We caught up with her to talk about the importance of good scheduling, subverting genre, and how to layer sound like a tapestry. This conversation has been edited and condensed for length and clarity.

You’re a self-educated audio creator. Tell me about learning how to make podcasts.
I already had an audio and music practice, so the learning curve was kind of shifting my brain. I knew sound very well, but I had to be better at knowing words.
This was back, I believe, in the early 2010’s. I was learning software from random YouTube tutorials. I was learning a lot of radio fundamentals from this website transom.org. There were a couple listservs from the Chicago and New York public radio world.
I was living in Chicago and primarily doing graphic design work. One of my first clients was the local public radio station WBEZ, which then sort of got me more aware of what they were doing in the city, and learning about Third Coast, and learning about all these resources. That's where it was, okay, I can teach you about this if you can teach me about that type thing. That’s the way I like to work: we're figuring it all out together.
I would also pick up little transcription jobs, and study how the hosts would interview, and how things would be produced.
You say on your website bio that you never learned the “right” way to make audio, and your work is better for it. I love that.
I really love studying genre, because I feel like genre is a way for people to know how to engage with art. You can use genre expectations to your advantage, to shortcut certain things, like a romcom for example. If you subvert the montage sequence of the makeover, do something interesting with it, that’s going to be memorable.
Genre was something that was really important for me to study because it gave me frameworks that I could play in. How would I do this genre of a three act story? But then, how can I screw it up? It’s trying to know 70% of the way to do it, and then just be like, "Okay, but how would I want to hear that done?"
You have to learn the rules in order to break them! What were some of the first pieces of audio equipment you bought yourself?
I definitely remember the very first mic was a Blue Snowball. Me and my friend Cher Vincent shared one when we started our podcast. We could not afford to get two, so we got really close underneath a blanket and we recorded our stuff on there.
My first field kit was gifted to me from some friends, when I did a contract over at Gimlet Media for the show called The Nod. When I left, they had given me a gift card to B&H or something. I got myself—and I still have it to this day, because it's just so good—a Zoom H4. I think that I got a road reporter mic and a windscreen, and obviously an XLR cable. They are literally right over there. I will not get rid of them, because they hold so much sentimental value. And they work.

How did you end up starting your collective?
It was myself, Cher Vincent, and Alex Cox. We were three friends in Chicago and all three of us loved podcasts.

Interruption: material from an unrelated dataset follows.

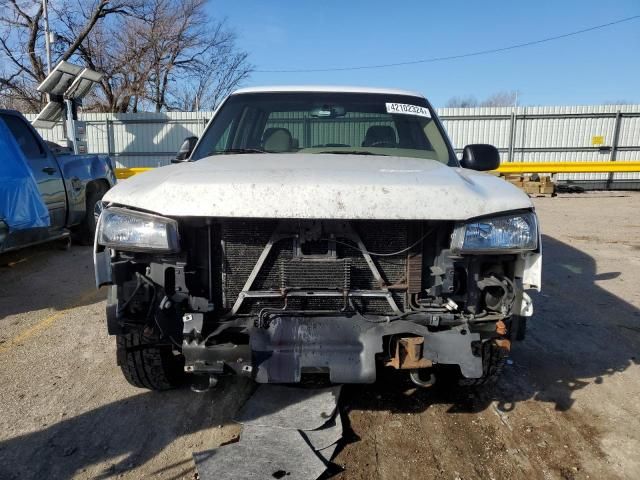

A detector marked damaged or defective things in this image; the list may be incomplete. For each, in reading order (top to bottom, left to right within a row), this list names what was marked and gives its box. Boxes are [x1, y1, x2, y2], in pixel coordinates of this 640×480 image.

damaged front end [95, 208, 540, 388]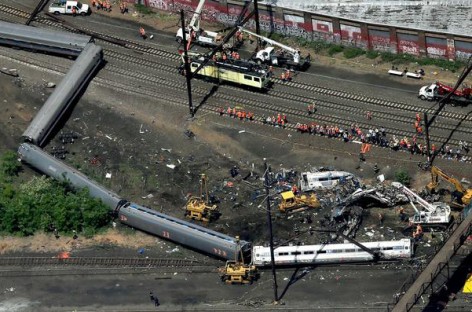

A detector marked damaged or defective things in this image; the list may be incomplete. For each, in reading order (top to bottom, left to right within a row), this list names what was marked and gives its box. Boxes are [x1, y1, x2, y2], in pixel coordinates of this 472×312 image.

damaged rail car [16, 144, 251, 260]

We basically were just like, we're just going to learn this together.
And we got good enough that other people took notice. The Chicago podcast community was tiny, at the time especially. So we were like, "Okay, we should build a collective." And I think it around that time when podcasting blew up and Serial happened, and the native podcast app on iPhones. All these things made this hobby into a budding industry.
It was one of those perfect timing moments because we knew how to technically do it, because we had been learning it for quite a few years. There was a hiring boom. We got a couple writeups of our collective. It was called Post Loudness.

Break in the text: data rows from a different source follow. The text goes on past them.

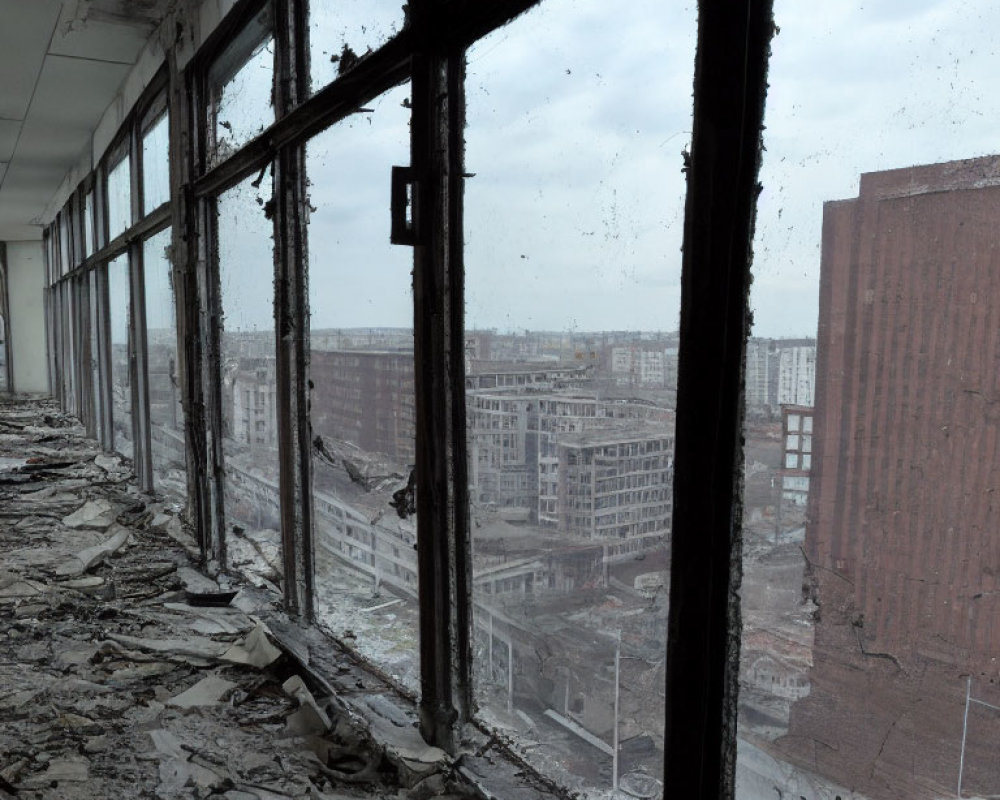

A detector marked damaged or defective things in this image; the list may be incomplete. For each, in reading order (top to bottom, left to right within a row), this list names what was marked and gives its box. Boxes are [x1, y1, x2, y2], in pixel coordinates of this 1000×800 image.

broken window [107, 253, 133, 460]
broken window [143, 225, 186, 500]
broken window [217, 166, 282, 584]
broken window [302, 81, 416, 692]
damaged concrete building [0, 1, 772, 800]
broken window [464, 0, 692, 788]
broken plaster fragment [169, 672, 239, 708]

We were piloting shows for people, cause we just wanted to see more shows from POC queer and trans makers. We just wanted to see more people like us, especially in Chicago. So it was and then we did a show—one got picked up by another larger network at the time and one got really really popular.
That in combination with some other things led to a job offer to work professionally. It would move me from Chicago to New York, where I am now. And that was the moment where I was like, "This is a career.” All three of us to this day work professionally in media, actually. It's kind of wild.
It’s so cool when that happens… but it’s also a new set of stresses, working in a field that you love. How do you try to separate your work from your life?
It's really hard. I keep a very rigid schedule. I intensely block and plan my time months in advance, and I'm extremely predictable. I know that certain projects, certain tasks, will take certain amounts of time. The amount of focus filters I have on all my devices is near obsessive.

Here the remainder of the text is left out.